Behavioral Finance Game Biometric Research
Exploring iMotions’ emotion recognition technology through two studies employing an online behavioral finance game to measure engagement of college students in decision-making scenarios
Overview
Project:
The College Behavioral Finance project began as an exploratory research study to test the capabilities of emotion recognition software used in the context of UX research – an uncharted territory for the technology – with specific goals for testing gaming as a tool for learning and shaping financial behavior in first-year college students. Through two iterations over nearly a year, the study yielded little in definitive answers about the tool’s proven efficacy in this narrowly-defined sector, but much about best practices for the use of biometric technologies in UX.
Goals:
Create study related to behavioral finance and gaming to relay findings at upcoming Face of Finance conference
Explore biometric technology as a means to measure the efficacy of gaming as an educational tool
Explore research question: Will a game teach students to make good choices with their money?

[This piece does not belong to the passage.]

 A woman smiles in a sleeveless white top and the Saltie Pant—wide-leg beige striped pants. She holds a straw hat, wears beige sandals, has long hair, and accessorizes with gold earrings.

Company: In-house project for the User Experience Center consulting firm
Team: Senior Consultant and 3 Design Researchers
Role: Design Researcher
Research + Study Design
Study Moderation
Data Synthesis
Presentation
Tools: Facial Recognition Software, Galvanic Skin Response, Eye-tracking
Date: 2019-2020
Tools
Study Background
The College Behavioral Finance project began as an exploratory research study to test the capabilities of new iMotions emotion recognition software gifted to the User Experience Center. We wanted to engage in a study around gaming and behavioral finance to present findings at the UXC’s upcoming Face of Finance conference for user-centered design in financial services.
While emotion recognition technology is commonly used in the entertainment and marketing sectors, its use is uncharted in UX research, where stringent requirements for employing biometric recordings with technologies such as GSR and eye tracking already exist. This was an appealing challenge for us to explore.
This is a two-part project, with a second study emerging after the first revealed challenges to using emotion tracking in the way the experiment was conducted. I started with the User Experience Center after first study data collection, so my focus was in assessing the first study and implementing changes to the second to strengthen findings. This case study will focus on that process.
Payback Game (Studies 1 + 2)
To incorporate behavioral finance with gaming, we engaged study participants with an online financial decision-making game, Payback at TimeforPayback.com, and measured emotional reactions during game play.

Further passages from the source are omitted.